*** Opening Records supplied ***

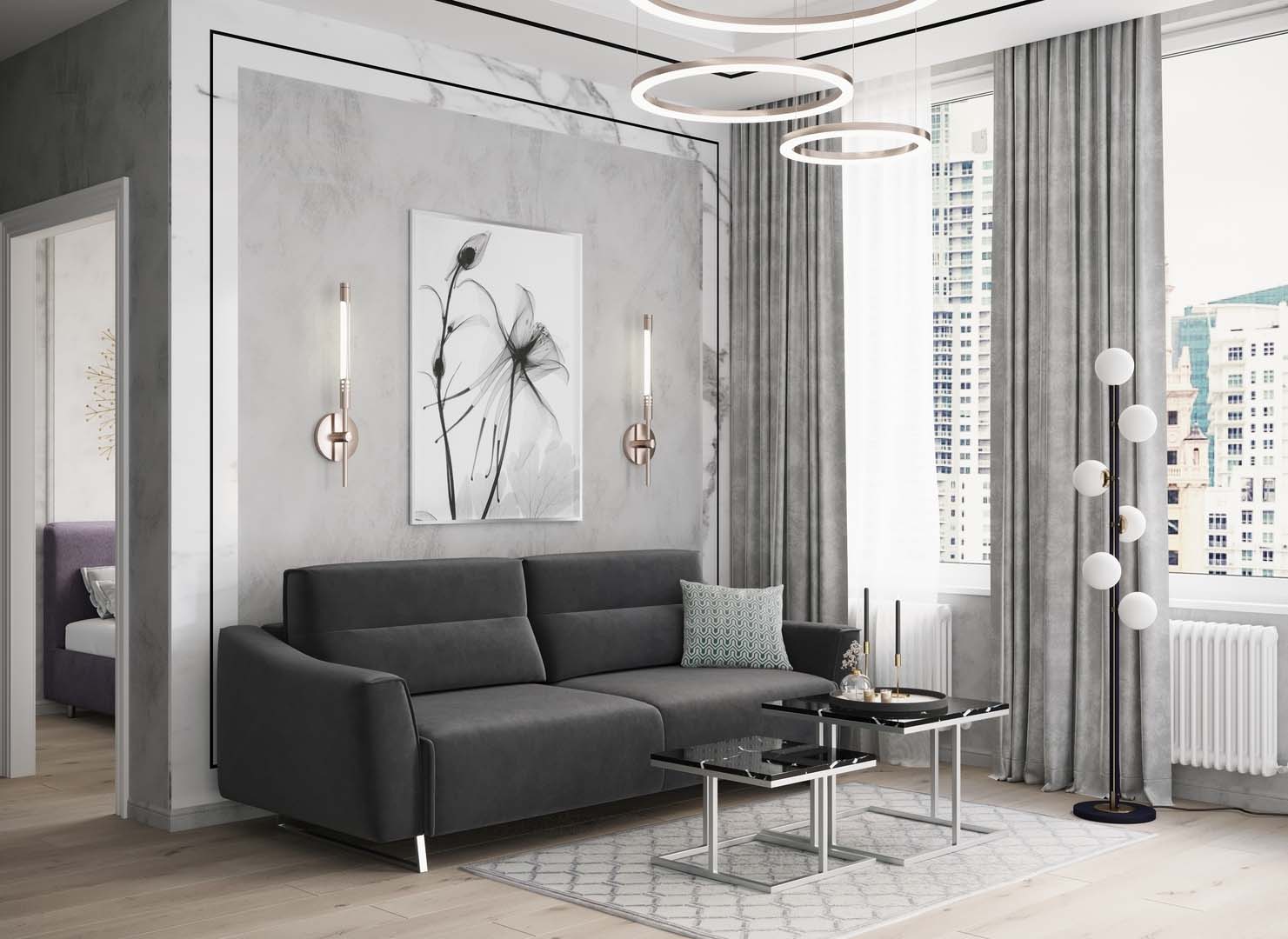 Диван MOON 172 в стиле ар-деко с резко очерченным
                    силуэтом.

*** Closing Records supplied ***
*** Opening Records supplied ***

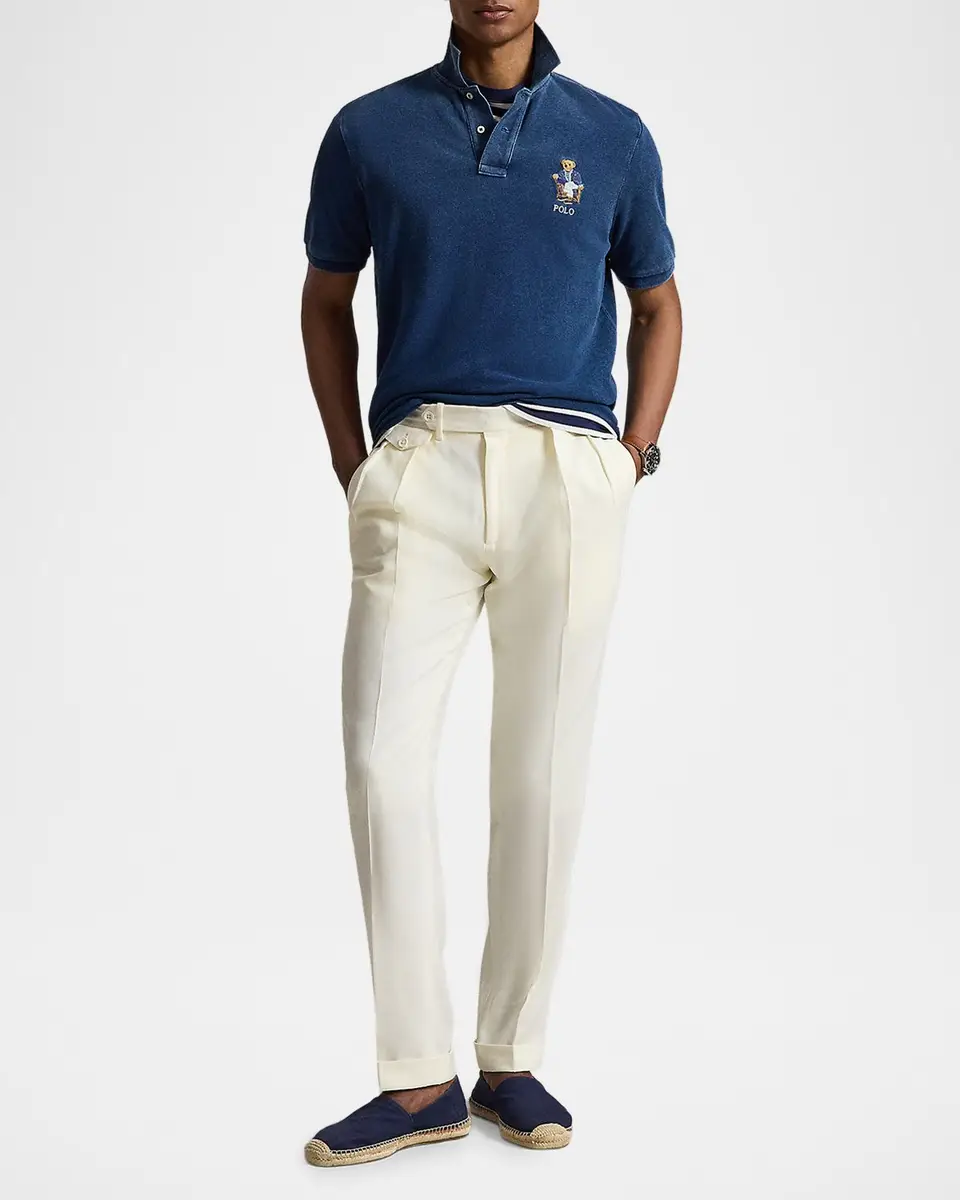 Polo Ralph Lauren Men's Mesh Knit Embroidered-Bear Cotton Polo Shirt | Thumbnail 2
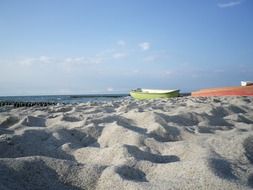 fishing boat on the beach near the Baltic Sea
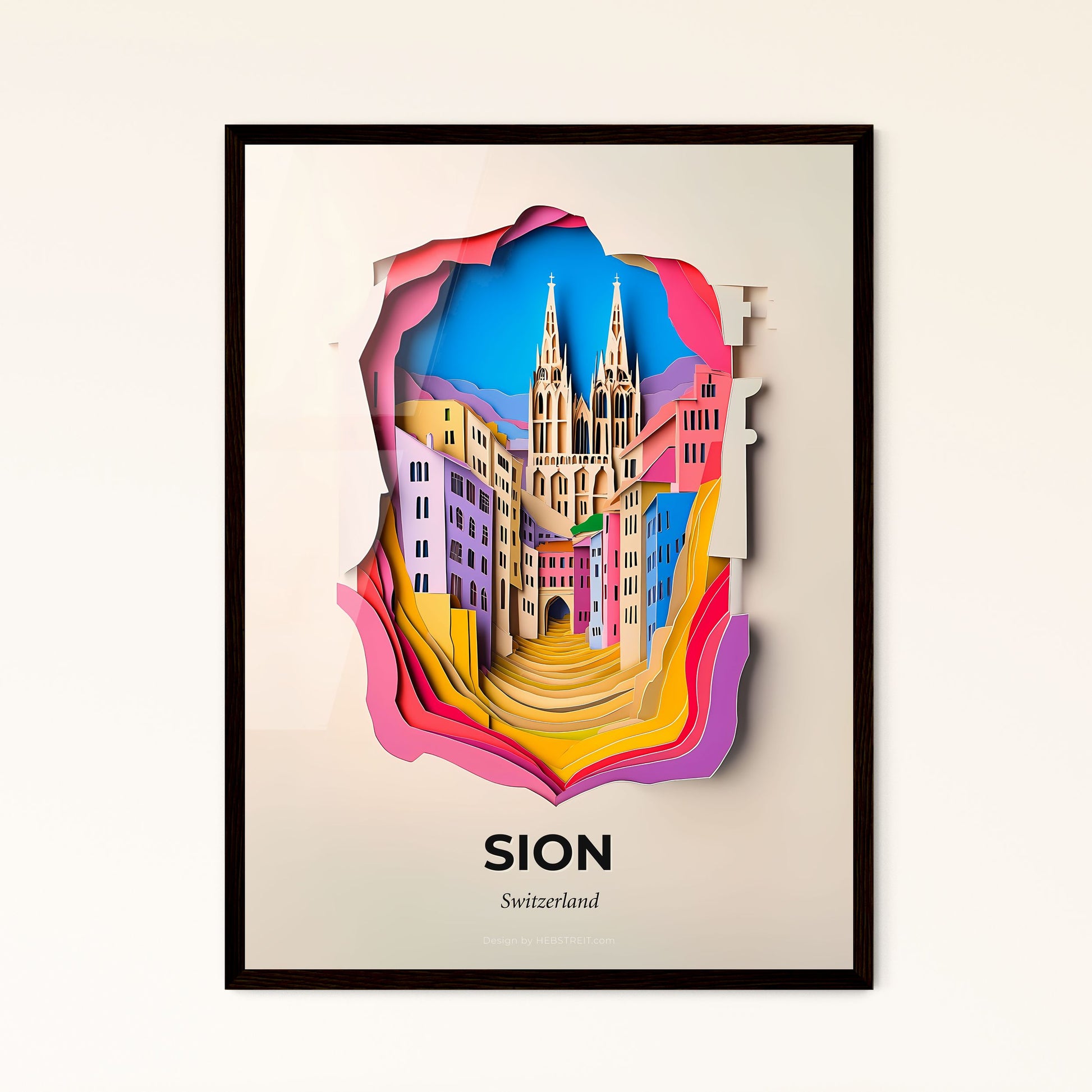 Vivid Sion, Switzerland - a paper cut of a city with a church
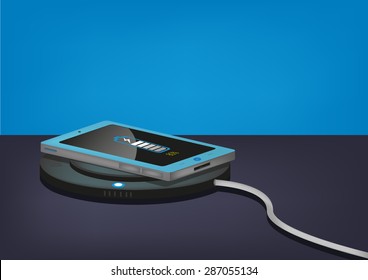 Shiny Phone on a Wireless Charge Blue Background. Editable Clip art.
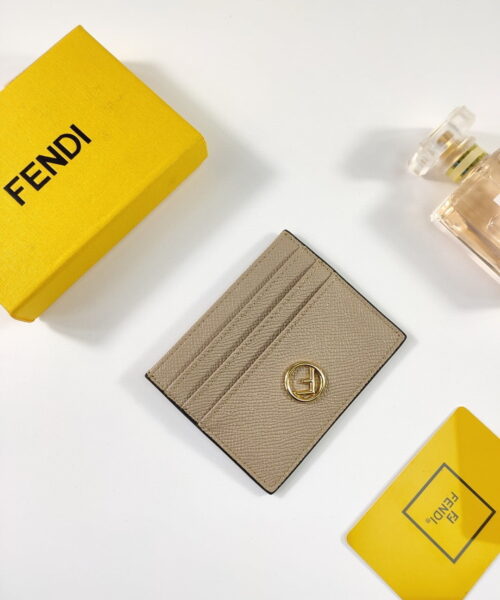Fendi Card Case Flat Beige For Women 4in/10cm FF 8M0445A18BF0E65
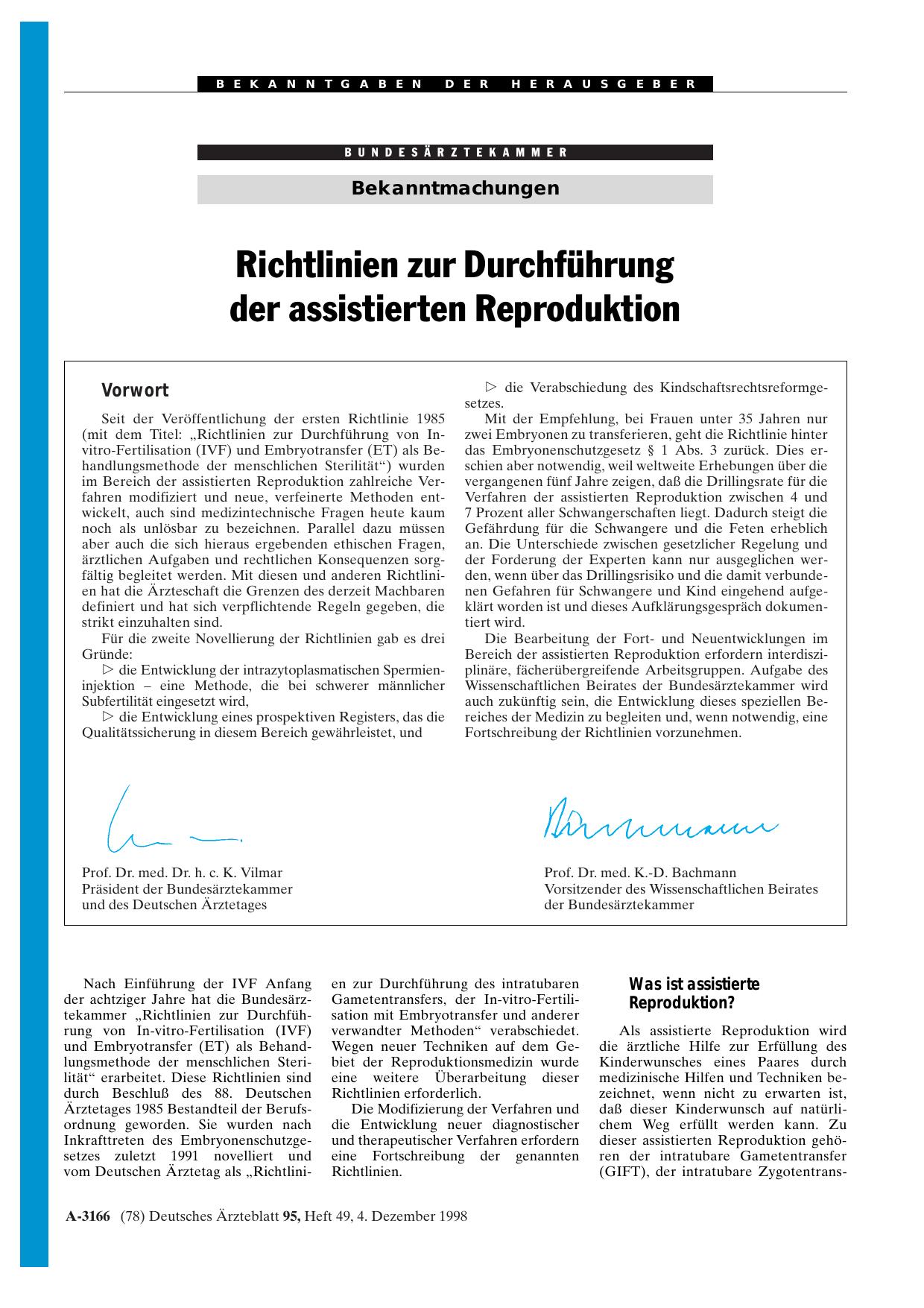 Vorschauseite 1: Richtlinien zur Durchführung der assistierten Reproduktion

*** Closing Records supplied ***
*** Opening Records supplied ***

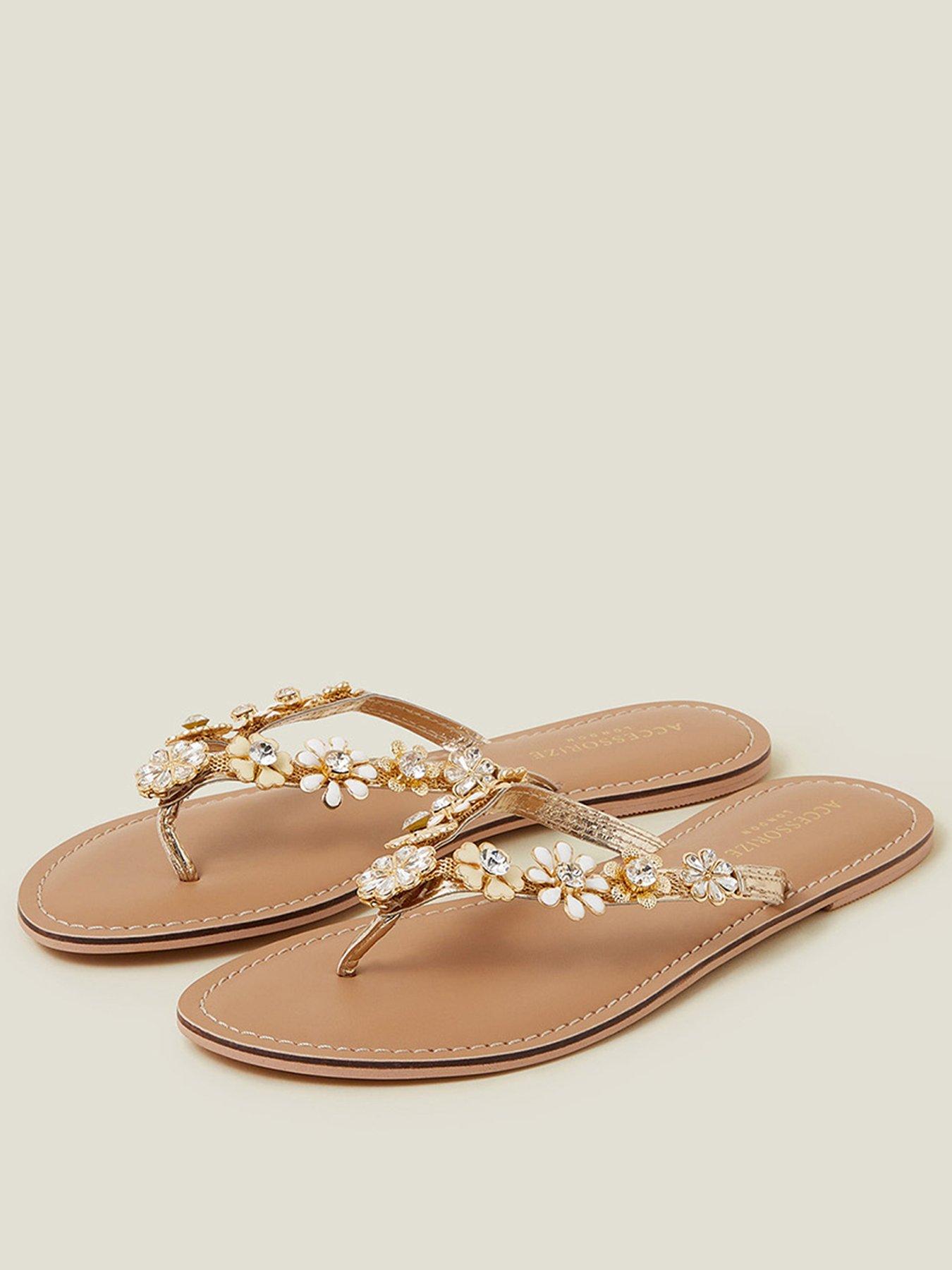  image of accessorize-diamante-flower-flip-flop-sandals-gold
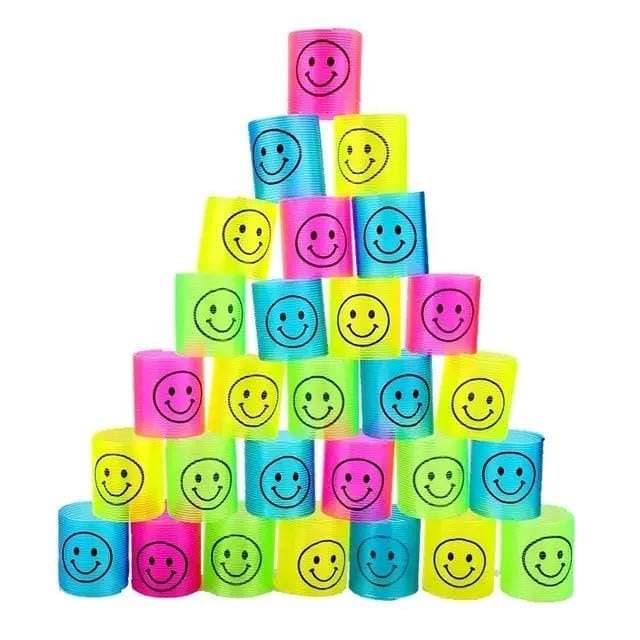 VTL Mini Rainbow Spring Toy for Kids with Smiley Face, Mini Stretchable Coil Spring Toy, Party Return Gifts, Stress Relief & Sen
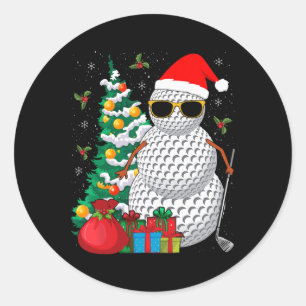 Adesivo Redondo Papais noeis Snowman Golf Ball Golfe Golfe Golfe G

*** Closing Records supplied ***

# Exercise details
Return, exactly as they stand, the lines above from the one with "VTL Mini Rainbow" to the one with "Adesivo Redondo Papais", omitting any pictures among them.

# Solution to the problem
 VTL Mini Rainbow Spring Toy for Kids with Smiley Face, Mini Stretchable Coil Spring Toy, Party Return Gifts, Stress Relief & Sen
 Adesivo Redondo Papais noeis Snowman Golf Ball Golfe Golfe Golfe G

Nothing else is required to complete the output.